Coffee output in Brazil, the world's chief exporter, will slide this year after the worst drought in decades, agricultural agency Conab said Tuesday.
The drought hampered the development of plants, causing the arabica crop to plummet 16.1 percent, Conab said.
"Brazil should this year produce 45.1 million 60kg bags" of arabica and robusta crops, the main kinds of bean cultivated for drinking, Conab indicated.
"This represents a drop of 8.16 percent .. compared with the last harvest.
"The change is down to the arabica variety, which fell 16.1 percent," added Conab, an offshoot of the ministry of agriculture.
Latest forecasts are for an arabica crop of 32.1 million bags, the variety accounting for a three-quarters share of Brazil's overall harvest.
Conab blamed a severe drought which lasted for more than two months early this year for the slump.
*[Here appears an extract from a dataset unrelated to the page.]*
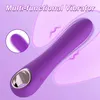 Masturbateur Sex Toy Tuitionua G-Spot Vibromasseur avec 10 Vibrations Fortes Gode Vibrant Clitoris Mamelon Vagin Masseur Stimulateur Adulte Jouets pour Solo ou E667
Frosts had already damaged plantations in southern Parana state last year before the drought dealt a second blow to Brazil's two-year coffee-growing cycle.
This year's fall-off in production will be felt more keenly given that output in even-numbered years is larger than in odd-numbered ones.
Production of the harsher-tasting Robusta crop should fill 13 million bags this year.
"That is an increase of 19.9 percent thanks to a rise in productivity and favorable climactic conditions in (southeastern) Espirito Santo state, this variety's main producer," Conab said.
With 2.2 million hectares (5.4 million acres) of plantations, Brazil is the world's leading exporter.
The South American giant's annual output is some 2.5 billion kilograms (5.6 billion pounds) some three times the output of second-ranked Vietnam.